Her form is perfect, but her squat technique could use some work, i.e. she could go much lower (she doesn't even get to parallel and she should given her age and gender).
Most people shouldn't squat like they are sitting in a chair. The cue is not "butt back", but rather "butt between the legs". Powerlifters (with gear) doing low bar squats are an exception and in that case, when the butt goes back, the cue is "point your nipples toward the floor" (while keeping the back rigid).
That's not to say that when doing front squats or high bar "olympic" squats your chest should be down. To the contrary, in these forms, your chest should be (relatively) upright with head facing forward (not up).
The purpose of goblet squats is to teach correct patterning, not to build strength. The patterning is that you squat BETWEEN YOUR LEGS rather than sitting back in a chair.
Now, some people who follow Mark Rippetoe with THINK that he says to bend at the waist and push the butt back. He does - if your a geared powerlifter. But most people on this forum don't fall into that category - I once did (sans the gear), but that was decades ago and now 90% of my equating is either front squats or single leg variations.
For most people (especially men) over 40, if you cue them to push the butt way back, you end up with something that looks more like a good morning than a squat.
I think you're misrepresenting Rippetoe's low bar back squat advocacy. First off, Mark does not teach geared lifters. He teaches beginners who do not use or need gear. Secondly, due to the basic physics involved in a LBBS you will assume a position that has a more inclined back to keep the bar over the mid foot. Third, the LBBS is initiated with a break of the knees and hips, not just"hips back". Lastly, the LBBS is preferred by Mark due to the fact that you have to use your posterior chain, using the largest muscles, giving you the greatest training effect.
Sorry, I didn't mean to advocate Mark Rippetoe as the final answer when it comes to squats or preferred exercises. Along with many others, I find much of his stuff useful, but also much of his stuff wrong. He's VERY dogmatic and opinionated and relies more on "we've always done it this way" than using science to advance his training philosophy.

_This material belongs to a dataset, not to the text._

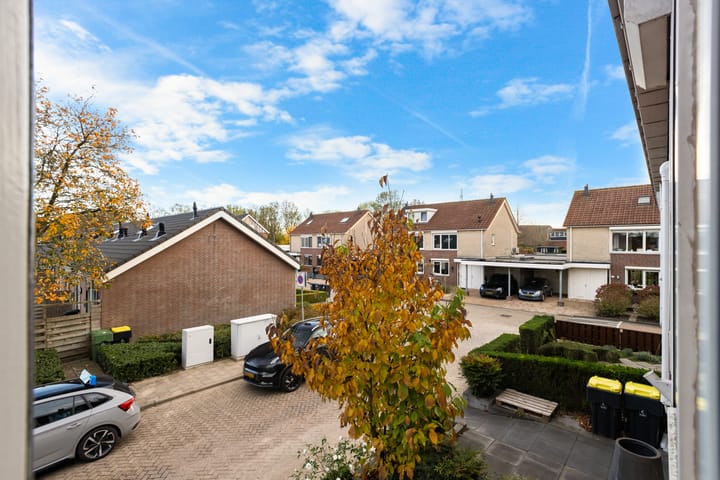 Foto 48 van Bernhardstraat 1-B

1. Rip does teach experienced, post-novice lifters some of whom use gear. He also teaches beginners, but to imply that he only teaches beginners is wrong. If you doubt that, pay a visit (like I did) to Wichita Falls Athletic Club.
2. For most people who are not competing in powerlifting, assuming a more inclined (I assume you mean more horizontal) back position may not be a good thing (see Mike Boyle, Stuart McGill, Gray Cook). Further, "keeping the bar over the mid foot" is of no magic benefit; it's simply that when you do a LBBS and your back is more horizontal, your weight naturally shifts from the heel forward to the mid foot.
3. I agree. My point was in reference to Nicole saying sit in a chair and BD emphasizing "butt way back".
4. In terms of LBBS and posterior chain, Rip actually says that if you feel it in your hamstrings the next day, you did it wrong. last time I checked, the hamstrings are posterior chain. In terms of "giving you the greatest training effect"...
That's like saying "what's the best exercise" or "what's the best training program". It depends on what your weaknesses are and what your goal is. It also is a function of trade-offs. If (and that's a big IF) LBBS are the "best" exercise for "hip" strength, but have a high rate of injury or result in dysfunctional motor patterns, they may not be the best exercise for someone not competing in powerlifting.
The NBA strength coaches I have talked to, generally don't have their athletes do back squats because the risks are greater than the rewards due to the long moment arm of these athletes. LBBS are great for training powerlifters to do LBBS. For other athletes, there are - in the opinion of MANY professional and division 1 strength coaches - preferable options.
I am sure that the competitive power lifters on this forum, don't need my or your advice. For others, I would submit that there may be better options than LBBS (IMHO).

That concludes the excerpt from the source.